Prostíbulo a prostíbulo el sur fue dotándose de una tupida red durante los siglos XVI y XVII. Moreno Mengíbar calcula que solo en Sevilla llegó a habar a mediados del XVI cerca de un centenar de boticas, nombre con el que se conocía a las casas en las que residían las meretrices a cambio del pago de un alquiler.

Si hay un punto que destaque en el mapa del mercado carnal europeo del XVI es sin embargo Valencia. Allí funcionaba un enorme lupanar que —si nos fiamos del viajero flamenco Antonie de Lalaing, quien lo visitó en octubre de 1501— acogía a «entre 200 y 300» trabajadoras. «Es grande como un pueblo pequeño», destacaba asombrado el cortesano de Flandes, quien detalla que el macroburdel estaba formado por varios hostales repartidos por varios calles, todos organizados.

Ni Valencia, ni Granada ni Sevilla eran en cualquier caso reductos aislados.
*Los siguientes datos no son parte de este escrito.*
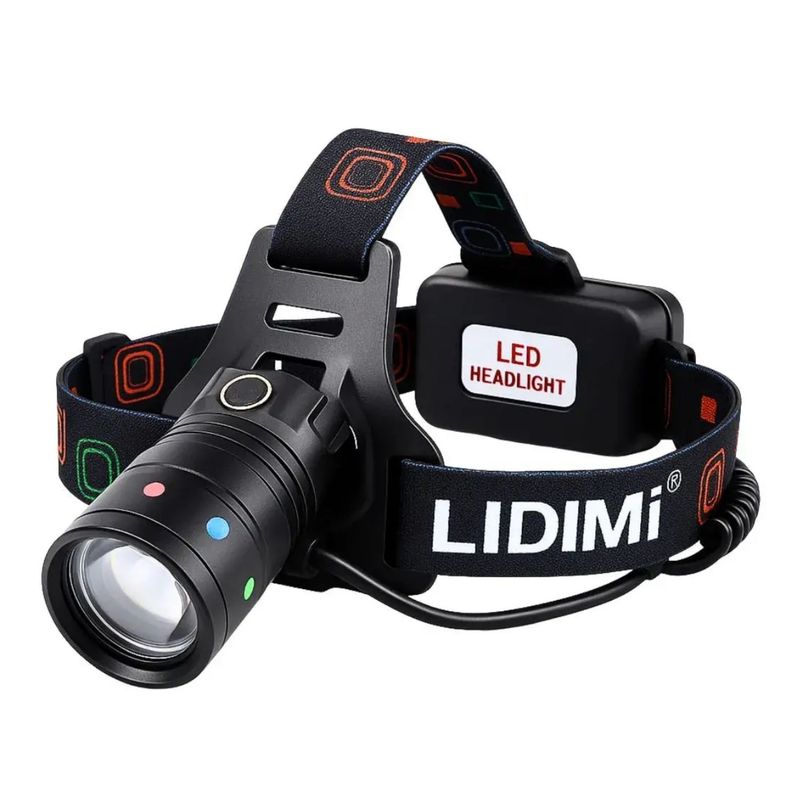 LIDIMI - Linterna Frontal LED Recargable LIDIMI 1200 Lúmenes con Zoom
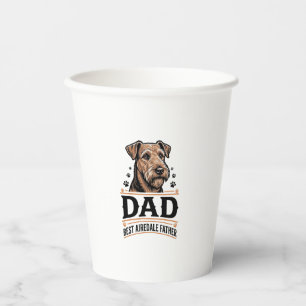 Vasos De Papel Camiseta de padre de Airedale Terrier vintage_1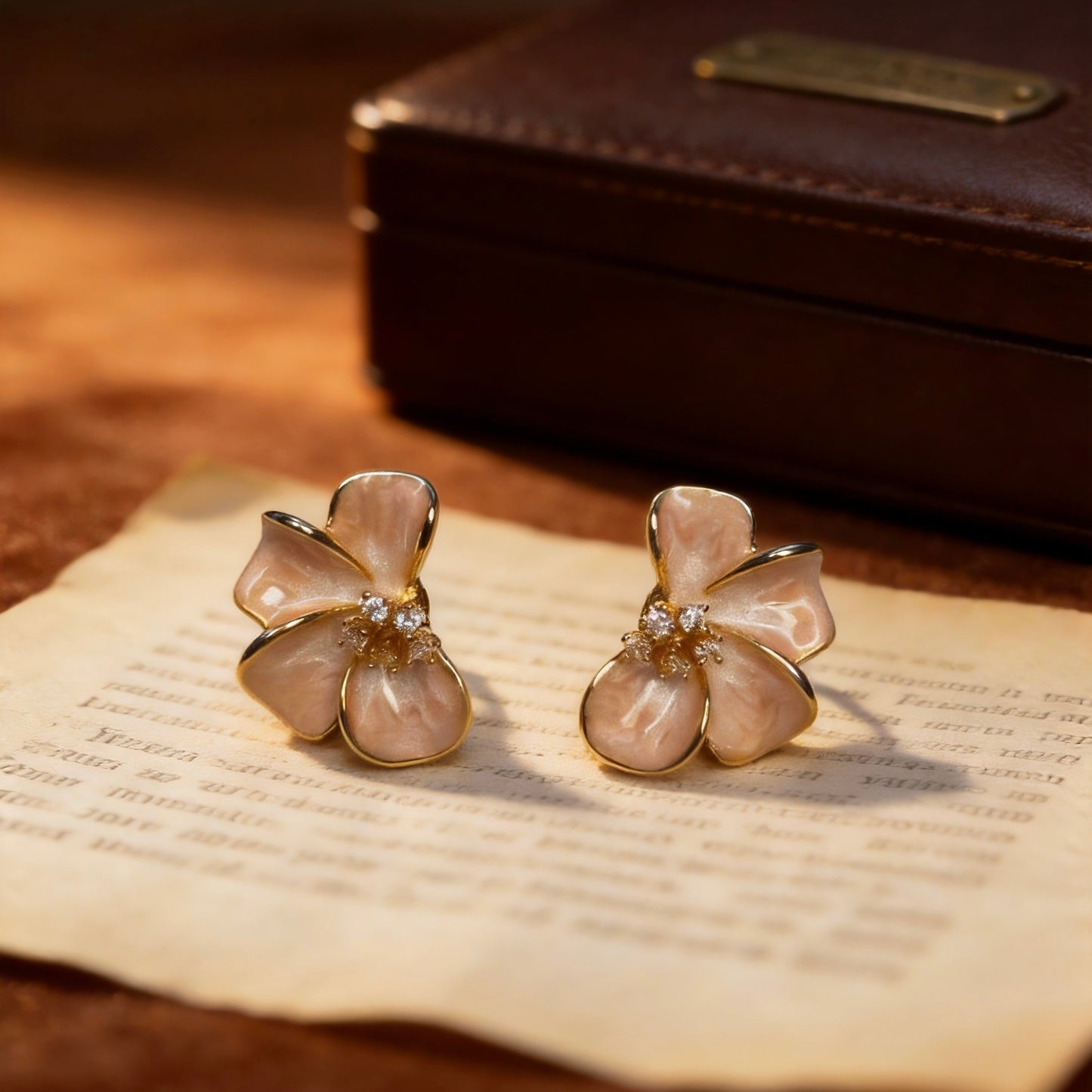 Blush Pink Petal Earrings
Se dice que durante el reinado de Felipe III se repartían por Madrid 800 burdeles, casas abiertas día y noche en las que ejercían mancebas autorizadas a ejercer como tales, algo para lo que se habían establecido ciertos requisitos bien definidos: pasar de los 12 años, ser huérfana o de padres desconocidos y no proceder de una cuna noble. Semejante clima de permisividad no duró eternamente, claro: el panorama dio un giro con el monarca Felipe IV (1605-1665), de quien se cuenta que quedó escandalizado al conocer la vida disoluta del embajador otomano en Madrid.

En 1623 el conocido como «Rey Planeta» tachó semejante red de inmoral e inició una larga etapa de restricciones. Eso es, el mismo Felipe IV de quien se cuenta que era un adicto al sexo, un libertino desenfrenado, promiscuo y atormentado que tuvo hijos de sobra para montar varios equipo de fútbol: algunos cálculos apuntan a entre 20 y 40; a la friolera 46 llegan ciertas estimaciones.

Pero esa ya es otro capítulo de la crónica nacional.